Data below below:

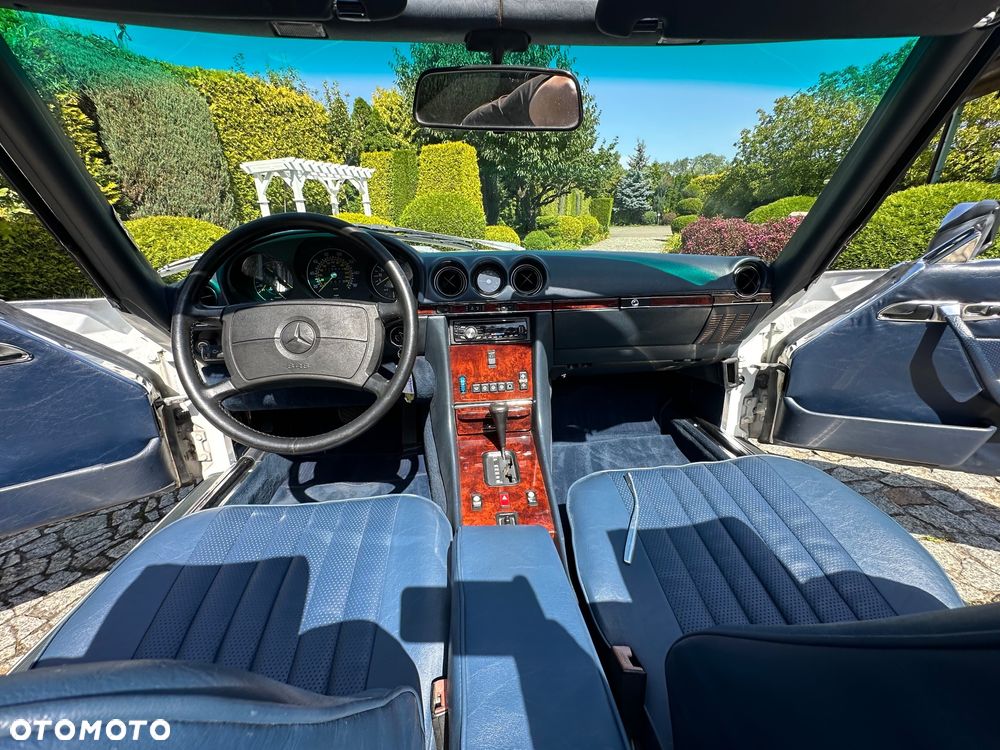 Mercedes-Benz SL 500 - 10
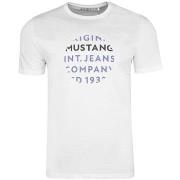 T-shirt Korte Mouw Mustang 42282100200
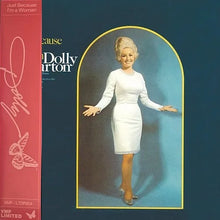 Load image into Gallery viewer, Dolly Parton - Just Because I'm a Woman [180G/ Ltd Ed Canary Yellow Vinyl/ OBI Strip] (VMP)
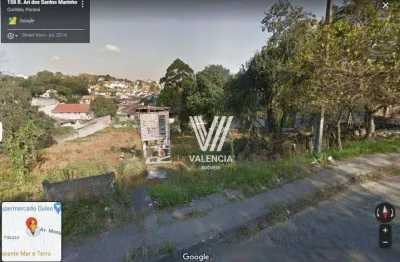 Terreno à venda | 1889 m² total | tingui - curitiba/pr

End of Data below.

> Task objective
The exact lines from the one containing "T-shirt Korte Mouw Mustang 42282100200" through the end of the data are to be copied, with both ends kept and pictures left out.

> Result
 T-shirt Korte Mouw Mustang 42282100200
 Load image into Gallery viewer, Dolly Parton - Just Because I'm a Woman [180G/ Ltd Ed Canary Yellow Vinyl/ OBI Strip] (VMP)
 Terreno à venda | 1889 m² total | tingui - curitiba/pr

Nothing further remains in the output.